By contrast, argues Lomborg, several million deaths could be prevented each year by securing clean drinking water and sanitation for everyone at a one-off cost of $200 billion. In this vein, the Environmental Assessment Institute organised a conference last month where economists ranked fighting Aids and malnutrition and making foreign trade easier as far more cost-effective ways of improving the world than combating global warming.

“Rightwing”? “Reactionary”? It is more than likely that many of Lomborg’s ideas are inadequate or flawed in some way. But the stubborn fact remains that his ideas need to be rationally engaged with by the left - not become the object of censorship or a witch-hunt. Truth is many-sided and arrives from the open clash of different and contending ideas, not from imposing a mental straight-jacket.

A long time ago, Thomas Münzer, the Anabaptist leader of the German peasant revolution, pinpointed in his pamphlet against Luther the root cause of the advancing social evil in quite tangible terms, diagnosing it as the cult of universal saleability and alienation. He concluded his discourse by saying how intolerable it was “that every creature should be transformed into property - the fishes in the water, the birds of the air, the plants of the earth” (quoted by Marx in his essay The Jewish question - emphasis added).

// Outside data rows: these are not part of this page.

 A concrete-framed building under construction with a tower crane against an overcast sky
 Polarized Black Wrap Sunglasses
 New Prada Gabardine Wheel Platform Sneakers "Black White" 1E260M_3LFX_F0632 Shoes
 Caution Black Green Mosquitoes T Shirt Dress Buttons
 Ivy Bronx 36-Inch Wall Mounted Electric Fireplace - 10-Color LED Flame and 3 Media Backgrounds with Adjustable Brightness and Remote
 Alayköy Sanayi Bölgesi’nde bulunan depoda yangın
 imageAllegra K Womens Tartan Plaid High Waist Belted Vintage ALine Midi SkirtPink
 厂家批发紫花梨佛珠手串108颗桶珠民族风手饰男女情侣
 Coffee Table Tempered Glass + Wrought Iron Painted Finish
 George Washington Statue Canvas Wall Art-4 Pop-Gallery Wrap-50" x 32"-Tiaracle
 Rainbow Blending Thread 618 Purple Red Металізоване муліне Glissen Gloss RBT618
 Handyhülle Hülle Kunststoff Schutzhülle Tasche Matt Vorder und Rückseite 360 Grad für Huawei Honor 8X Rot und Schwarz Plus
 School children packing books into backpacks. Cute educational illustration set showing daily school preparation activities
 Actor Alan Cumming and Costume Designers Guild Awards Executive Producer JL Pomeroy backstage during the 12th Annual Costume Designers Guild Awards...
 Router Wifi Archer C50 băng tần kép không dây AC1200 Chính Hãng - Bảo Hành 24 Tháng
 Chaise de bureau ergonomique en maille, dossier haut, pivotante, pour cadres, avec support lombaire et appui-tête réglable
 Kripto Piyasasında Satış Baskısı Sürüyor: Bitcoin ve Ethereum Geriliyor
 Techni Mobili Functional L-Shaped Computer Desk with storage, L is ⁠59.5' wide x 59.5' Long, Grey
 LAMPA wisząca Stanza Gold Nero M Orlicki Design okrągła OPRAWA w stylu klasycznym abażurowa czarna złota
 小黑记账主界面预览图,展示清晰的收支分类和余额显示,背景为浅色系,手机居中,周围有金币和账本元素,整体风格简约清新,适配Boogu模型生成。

As István Mészáros points out, “This was a far-sighted identification of what was to unfold with all-engulfing power in the course of the next three centuries … For, once the social trend of universal saleability triumphs, in tune with the inner requirements of capital’s social formation, what appeared to Münzer as the gross violation of the natural order (and, as we know, ultimately endangers the very existence of humankind) now seems self-evidently natural, unalterable, and acceptable to the thinkers who unreservedly identify themselves with the historically created (and in principle likewise removable) constraints of capital’s fully developed social order” (Monthly Review December 2001).

For communists genuine “sustainable development” cannot come about without the removal of the paralysing constraints of the adversarial capitalist system. This immediately, and unavoidably, raises the question of substantive equality and the fight for socialism. For sustainability means being really in control of the vital social, economic and cultural processes, through which human beings not merely survive but can and should also find fulfilment, in accordance with the designs which they set themselves, instead of being at the mercy of unpredictable natural forces and what Mészáros labels “quasi-natural socio-economic determinations”.

Yes, it is extremely bad news for Shell and Mr Oxburgh. To ‘save the planet’ we need a communist world.